*** Opening DATA PROVIDED ***

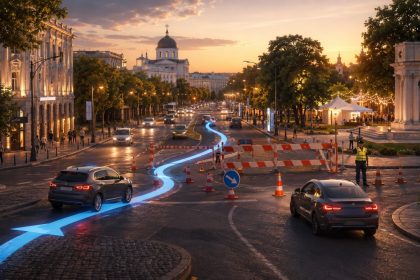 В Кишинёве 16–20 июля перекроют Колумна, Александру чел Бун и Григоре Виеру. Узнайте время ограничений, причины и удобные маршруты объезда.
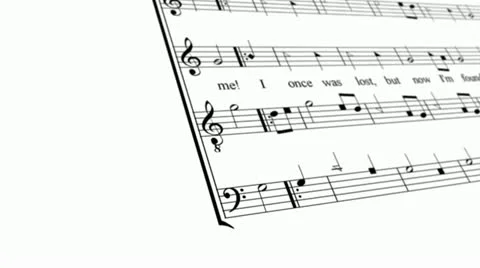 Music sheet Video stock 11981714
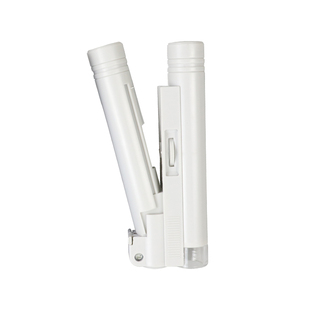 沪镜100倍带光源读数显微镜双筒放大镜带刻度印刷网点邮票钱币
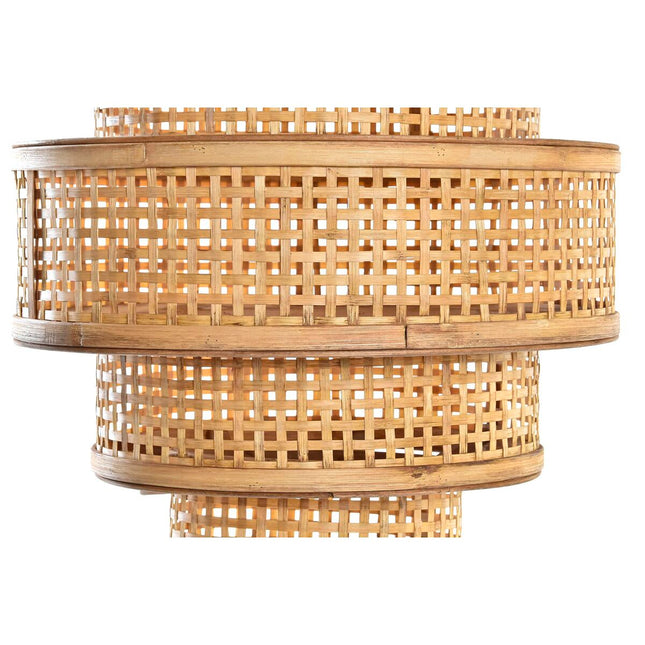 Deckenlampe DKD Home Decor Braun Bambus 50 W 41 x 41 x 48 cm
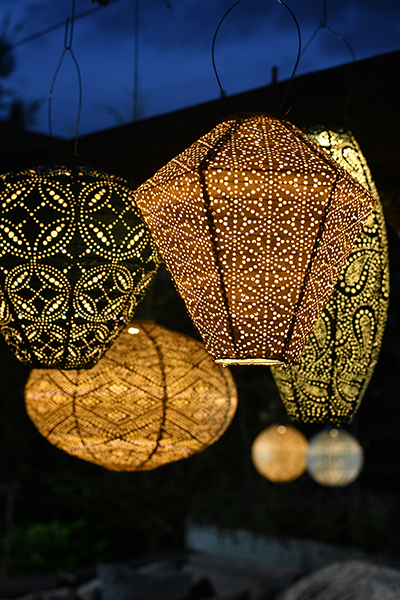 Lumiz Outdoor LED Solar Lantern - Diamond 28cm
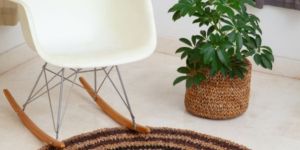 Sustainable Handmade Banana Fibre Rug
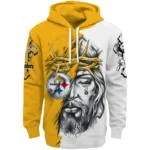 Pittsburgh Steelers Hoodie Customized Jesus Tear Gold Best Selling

*** Closing DATA PROVIDED ***

ABOUT THIS TASK | The records above are to be transcribed exactly, with every picture left out.

SOLUTION BELOW |
 В Кишинёве 16–20 июля перекроют Колумна, Александру чел Бун и Григоре Виеру. Узнайте время ограничений, причины и удобные маршруты объезда.
 Music sheet Video stock 11981714
 沪镜100倍带光源读数显微镜双筒放大镜带刻度印刷网点邮票钱币
 Deckenlampe DKD Home Decor Braun Bambus 50 W 41 x 41 x 48 cm
 Lumiz Outdoor LED Solar Lantern - Diamond 28cm
 Sustainable Handmade Banana Fibre Rug
 Pittsburgh Steelers Hoodie Customized Jesus Tear Gold Best Selling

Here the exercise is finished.